O proletariado não desejava destruir o sistema capitalista. Pelo contrário: desejava antes participar nele, imitando a burguesia –nos seus hábitos e gostos– e desfrutando dos mesmos confortos materiais que só o capitalismo permite.
Se dúvidas houvesse, bastaria olhar para os confrontos em Hong Kong, com os manifestantes a exigir respeito pelas eleições de 2017 na ilha. Pequim ficou em estado de alerta.
Entendo: em 1989, o PC chinês contemplou a desagregação do comunismo na Europa com horror. Consta até que o líder de então, Deng Xiaoping, terá ficado assustado com os fuzilamentos sumários do encantador casal Ceausescu, na Roménia.
O colapso da União Soviética, pouco depois, deixou o aviso: não bastava reprimir uma população miserável, como aconteceu na Praça de Tiananmen. Era preciso responder aos anseios da população, o que significava abrir as portas a um "capitalismo de Estado" controlado.
Fatalmente, o PC chinês ignorou a maior fraqueza da teoria marxista: o capitalismo, e mesmo o "capitalismo de Estado", não se limita a matar a fome e a permitir carros ou roupas de grife.
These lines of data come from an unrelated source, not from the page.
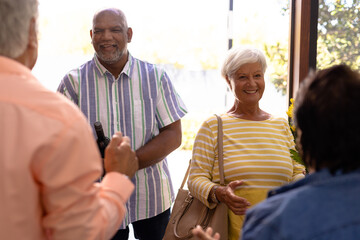 Biracial seniors welcoming cheerful friends standing at doorway in nursing home, copy space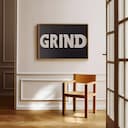 Room view with a full frame of A minimalist letterpress print, the word "GRIND"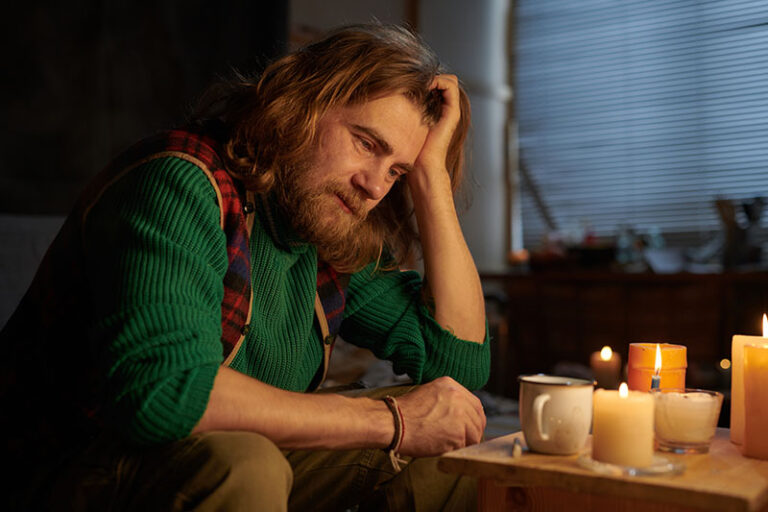 Depressed man contemplating by candles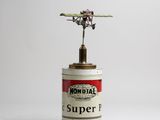 an old tin can with a small airplane on top of it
Cedo ou tarde, a emergência de uma classe média significa também que as massas desejam mais: coisas intangíveis como liberdade, participação política e até o direito de governar.
Em Hong Kong, essas reivindicações podem ser explicadas (e reforçadas) pela tradição de liberdade que já existia antes da devolução britânica em 1997.
Mas, como informa a revista "The Economist", essas reivindicações são já sentidas em todo o país –de tal forma que uma das prioridades do regime nesses dias foi ocultar da população continental a "Revolução dos Guarda-Chuvas" de Hong Kong.
Durante décadas, vários especialistas sobre a China formularam a questão clássica: será possível ter uma sociedade capitalista sem o tipo de liberdades de uma sociedade democrática?
As imagens de Hong Kong são a primeira e promissora resposta. E são também uma confirmação histórica: para o comunismo funcionar, é importante que uma sociedade seja mantida rigorosamente na miséria.